Note: SQLAlchemy provides an ORM. It isn't just an ORM. That is an important thing to be kept in mind. This means that you can bypass choose to not use the ORM layer when you don't want it. The idea with an ORM is to track changes to objects and when you have a case like that is when you'd use the ORM. In a bulk upload scenario, you don't need to track changes to objects. All you care is that everything be pushed into the DB.

SQLAlchemy (and Flask-SQLAlchemy) lets us do this by using the engine directly. This is how I did it:

from xref import db
from xref.models import user

users = get_users_to_insert() 
db.engine.execute(user.__table__.insert(), users)

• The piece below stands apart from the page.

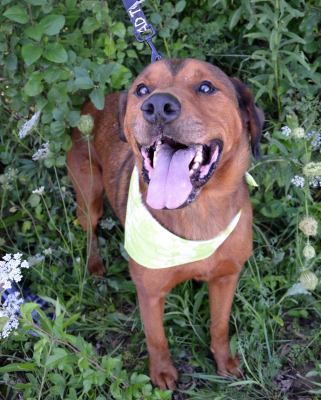 Smoochie-ADOPTED 09.22.12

Of course this assumes that you have a list of dicts with the key names matching the Columns defined in your SQLAlchemy model.

Resources

@chefdarek
Copy link

chefdarek commented Nov 14, 2019

How'd you do that?
I have a list of dicts:
[{0: {'date': Timestamp('2018-11-15 00:00:00'),
'all_day': 17883,
'am': 11114,
'pm': 11944,
'id': 11944},
1: {'date': Timestamp('2018-11-16 00:00:00'),
'all_day': 16170,
'am': 6899,
'pm': 13914,
'id': 13914},
2: {'date': Timestamp('2018-11-17 00:00:00'),
'all_day': 27978,
'am': 13001,
'pm': 9064,
'id': 9064}]

A table in postrgres:
class SalesDaily(db.Model):
tablename= 'salesdaily'
id = db.Column(db.Integer, primary_key=True)
date = db.Column(db.DateTime, nullable=True)
all_day = db.Column(db.Integer, nullable=True)
am = db.Column(db.Integer, nullable=True)
pm = db.Column(db.Integer, nullable=True)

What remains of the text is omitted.